Mijn eerste keer: euthanasie bij een hond
mijn eerste keer / Doke Willemse over de eerste keer dat ze zelfstandig een dier moest euthanaseren
De eerste ingewikkelde casus, de eerste nachtdienst of de eerste keer eindverantwoordelijk zijn. Het zijn momenten die bijblijven en bepalend kunnen zijn voor de rest van een loopbaan. Drie collega’s blikken terug.
Het was zaterdag, een maand nadat ze was begonnen als dierenarts. Voor het eerst zou Doke Willemse (28) alleen werken. Onderweg kreeg ze een telefoontje. Of ze er al bijna was? Want er was een spoedpatiënt. Het ging heel slecht met een oud hondje. Het kon al weken niet meer zelfstandig eten en drinken, en het poepte en plaste inmiddels ook alles onder. Ook leek het alsof het hondje heel veel pijn had.
“Het was de eerste keer dat ik zelfstandig een dier moest euthanaseren. Ik vond het heel spannend. Kwam met trillende handen en hartkloppingen aan en hoopte maar dat alles goed zou gaan. Ik ben tijdens de COVID-pandemie afgestudeerd, daardoor wist ik maar weinig over euthanaseren. Het was ook nauwelijks aan bod gekomen tijdens mijn coschappen en eindstages. Ik had wel gezien dat iemand een keer een hamstertje had geëuthanaseerd, maar dat was binnen vijf tellen gebeurd. De dierenarts gaf het beestje een druppel van het euthanasiemiddel en het was dood. De eigenaar was niet verdrietig.
Dít was anders. De hele familie was er die zaterdag bij: vader, moeder, zoon, dochter én aanhang. Het hondje was zestien jaar. Ze werd écht gezien als een familielid. De handeling zelf was niet zo moeilijk, maar wat zeg je op zo’n moment tegen de familie? Ik wist het echt niet.
‘Terugkijkend heb ik alles op de automatische piloot gedaan’
Terugkijkend heb ik alles op de automatische piloot gedaan, gewoon zoals ik het uit de boeken had geleerd: infuus, slaapmiddel, euthanasiemiddel. Ze sliep rustig in. Daar was ik opgelucht over. Op dat moment was ik alleen maar bezig met het idee dat ik het goed moest doen. Ik had weinig oog voor de mensen en het dier.

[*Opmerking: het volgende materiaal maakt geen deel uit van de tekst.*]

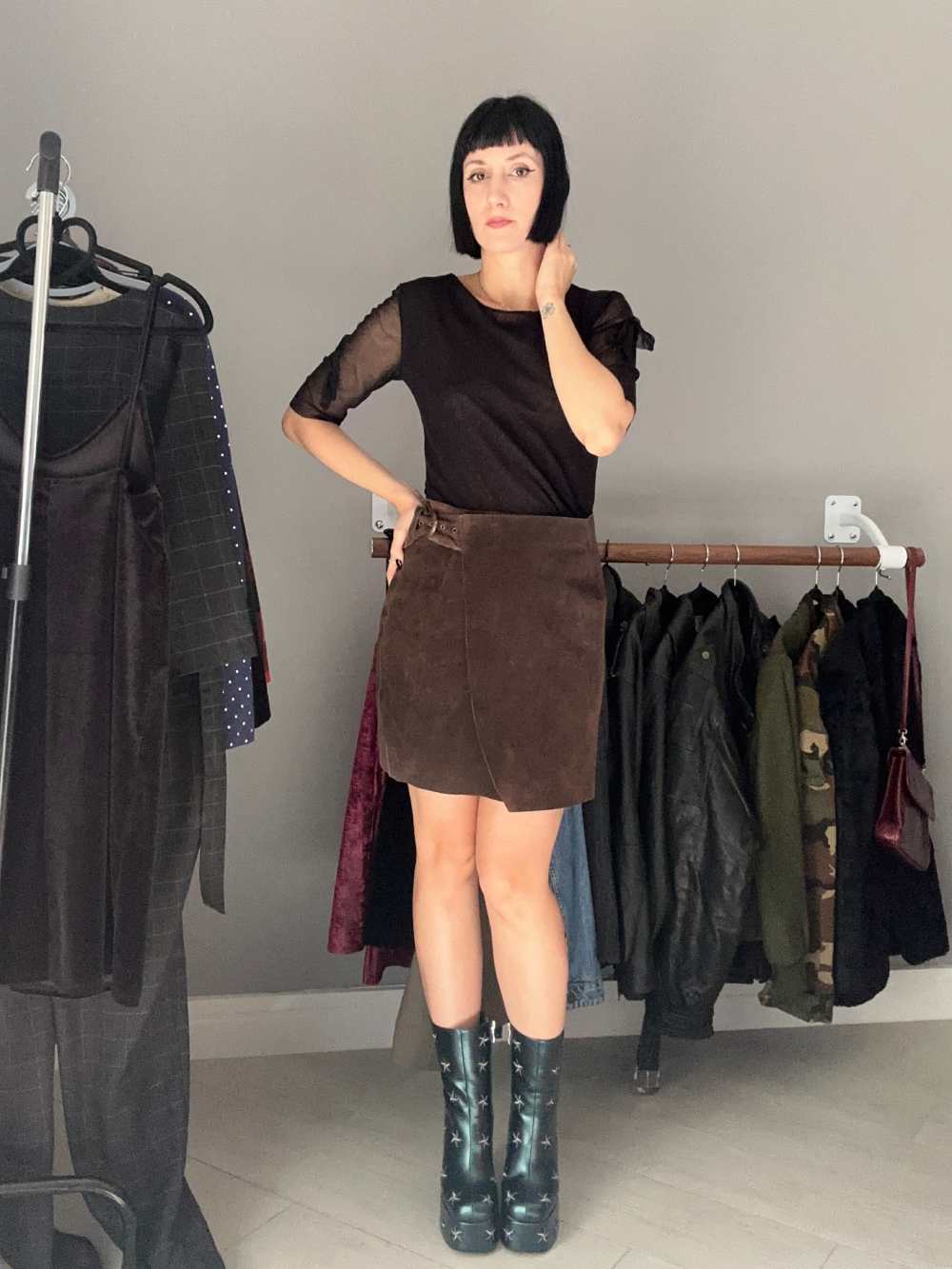 Gonna pelle scamosciata marrone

De familie wist niet dat het voor mij de eerste keer was dat ik dit deed. Dat heb ik ze ook niet verteld, daar zou ik zelf alleen maar nerveuzer van zijn geworden en zij waarschijnlijk ook.
Juist omdat ik niet precies wist wat ik moest doen, probeerde ik het zo overtuigend mogelijk te doen. En de familie vond gelukkig dat het goed ging. Toch zou ik het nu heel anders doen. Achteraf had ik het beestje alleen een slaapprik in de bilspier moeten geven, dan had ze minder gefrunnik aan haar lijf voor het infuus gehad. Ik had een gesprekje met de familie aangeknoopt. Ik zou ze meer gerust hebben gesteld en ik zou herinneringen met ze hebben opgehaald. Ik zou gevraagd hebben hoe het beestje was als puppy; of ze altijd zo ondeugend of eigenzinnig was geweest. Inmiddels weet ik: als je dat doet, krijg je hele verhalen en maak je het voor mensen een stuk gemakkelijker om afscheid te nemen van hun huisdier.”